── THE DATA

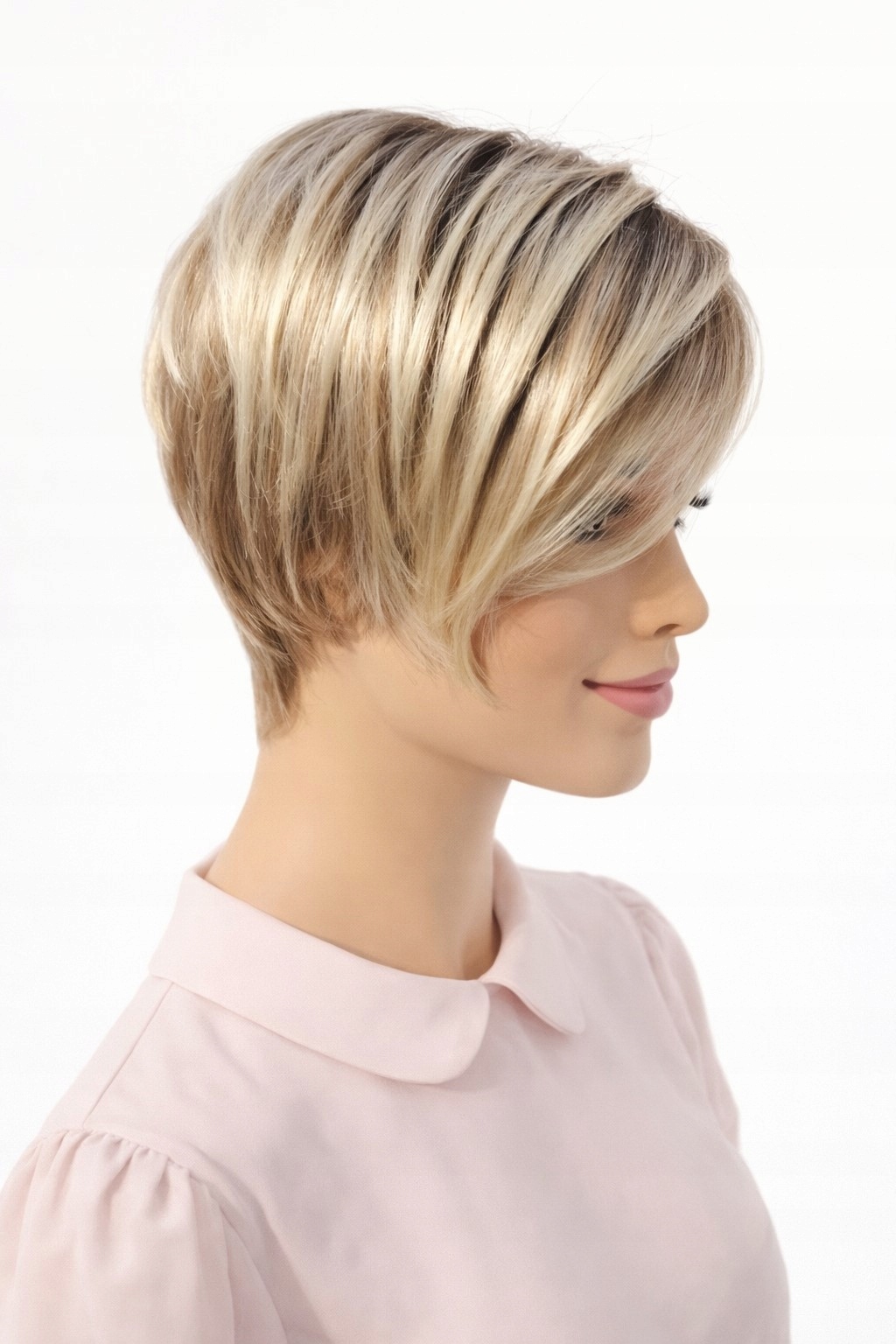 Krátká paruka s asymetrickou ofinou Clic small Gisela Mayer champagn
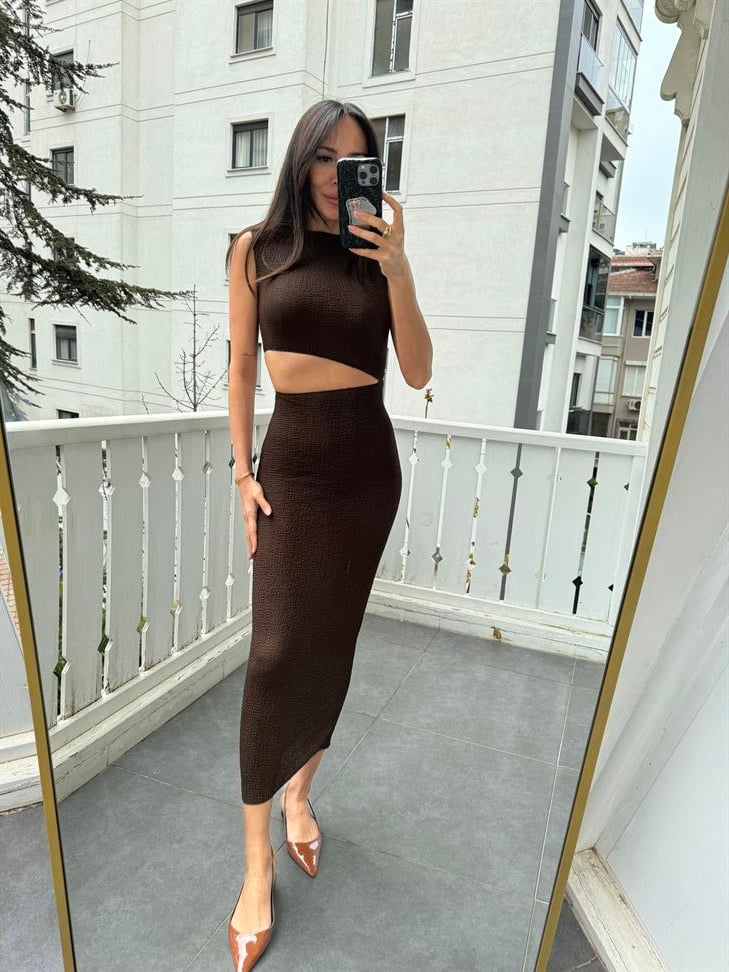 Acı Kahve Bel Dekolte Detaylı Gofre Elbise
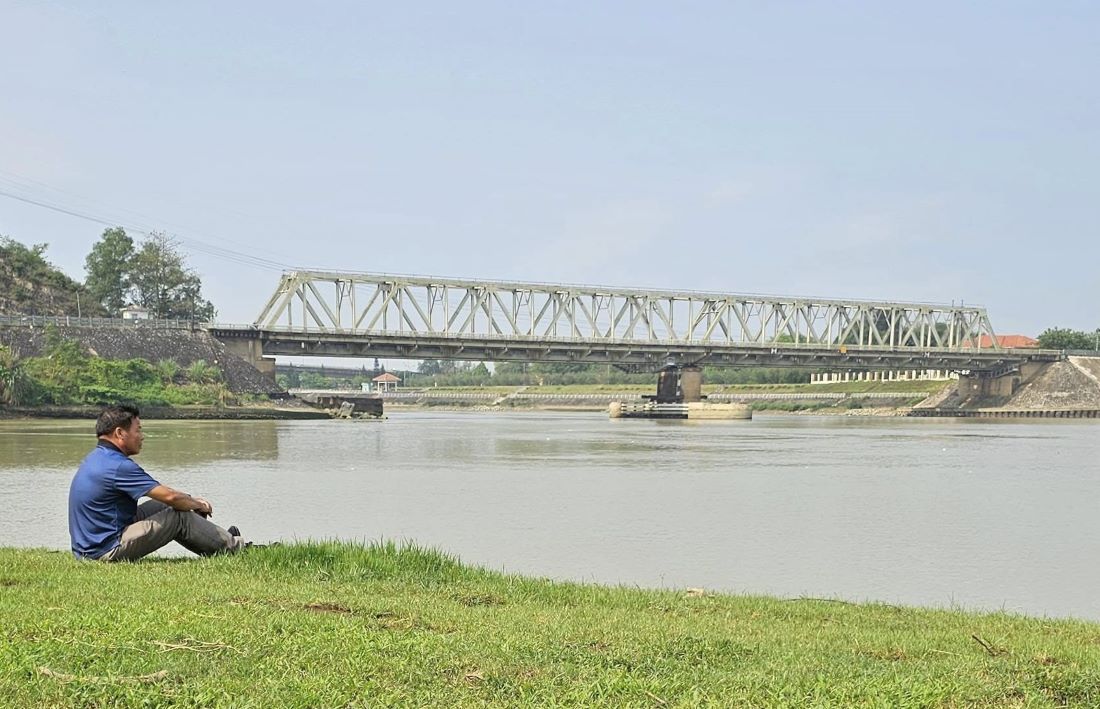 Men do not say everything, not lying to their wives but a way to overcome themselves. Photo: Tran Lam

────

Repeat the material above in full and exactly, omitting the pictures.

REPLY TO THE TASK:
 Krátká paruka s asymetrickou ofinou Clic small Gisela Mayer champagn
 Acı Kahve Bel Dekolte Detaylı Gofre Elbise
 Men do not say everything, not lying to their wives but a way to overcome themselves. Photo: Tran Lam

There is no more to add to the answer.